Sam Maloof is acknowledged as one of the finest woodworkers of our time. As a leader of the California modern arts movement, he designed and produced furniture infused with profound artistic vision for more than half a century until his death in 2009. Central to Sam’s work and life is the sprawling hand-built residence and adjoining woodshop. Nestled in a lemon grove near the San Gabriel Mountains in Southern California, the residence is filled with Maloof furniture and many examples of 20th Century American arts and crafts.


Left: LOST (detail) by Jane Brucker. Photograph by Brian Forrest.

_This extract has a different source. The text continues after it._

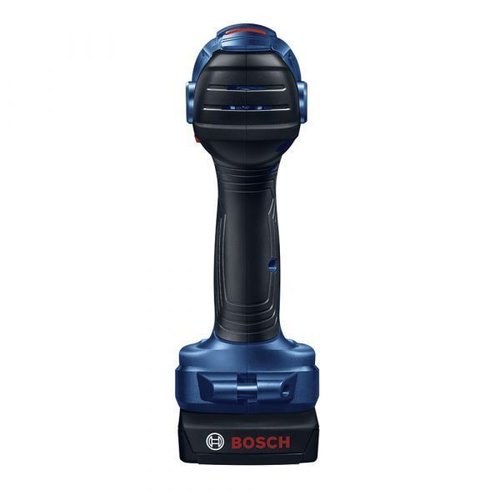 Parafusadeira/Furadeira De Impacto Gsb 180-Li 18V Com 1 Bateria E Carregador - Bosch 06019F83E4
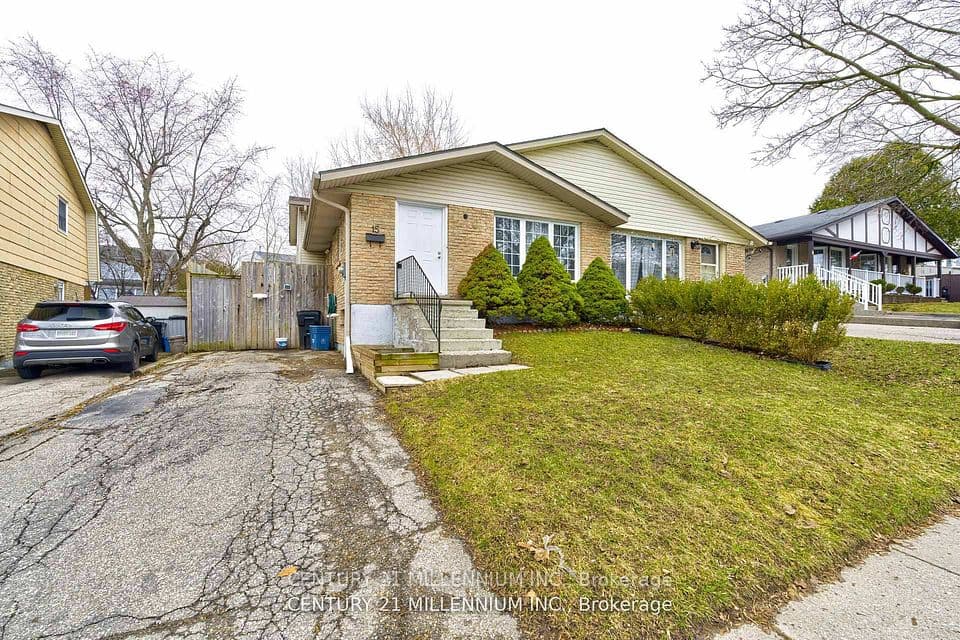 15 Northview Heights Drive, Cambridge, ON N1R 6Z9 – photo 2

Right: LOST installation at San Diego International Airport. Photograph by Joey Herring.

On View through May 2022

Jane Brucker’s LOST

in Make Yourself at Home Exhibition at San Diego International Airport

3225 N Harbor Dr, San Diego, CA 92101, located in Terminal 2 West, Post-Security, Gate 35

On two monumental pedestals, 388 cast bronze and brass tiny objects make up the installation, LOST. Brucker uses lost-wax jewelry techniques to cast in bronze, white bronze and brass objects such as preserved buttons, a handcrafted millinery flower, puzzle pieces, misplaced keys, coins and containers of makeup. LOST evokes thoughts about loss throughout life—from baby teeth to relationships—and the entire collection prompts us to consider what we leave behind when we move or die.

Make Yourself at Home features 16 distinct exhibitors whose artwork and collections explore how the concept of home differs for each person and shapes our memories, identities, and sense of belonging in an increasingly nomadic world. Artists rely on the motif of home to draw connections between personal histories, and timely political and social themes including immigration, homelessness, urban planning, race, and gender.


Recording Available:

Mirror Image: Frankenstein and the Creation of the Human

Jane Brucker and Brenno Kaneyasu

At the birth of self-recognition, estrangement is born. This previously recorded web event examines how arts and culture create a mirror-like surface that allows us to witness, examine, reflect, and subvert the radical ambiguity between human and monster.

Recorded on October 27, 2021


More from Jane Brucker Studio…

​Left: “Building a structure “of broken concrete road paving, August 1938.” Claremont Russian Village. Photo courtesy of Blanchard Family (via National Trust for Historic Preservation); Right: Native Roger’s Red Grapevine in winter growing against Jane Brucker Studio’s broken concrete and road paving side.

Claremont Views

We are continuing to create a space for work and shared conversation in our home and studio space in Claremont’s Russian Village, a unique architectural neighborhood directly east of Los Angeles. In 2022, we would be pleased to welcome you to the studio after renovations are complete. May the quiet and gratitude of the winter season be extended to you all-near and far.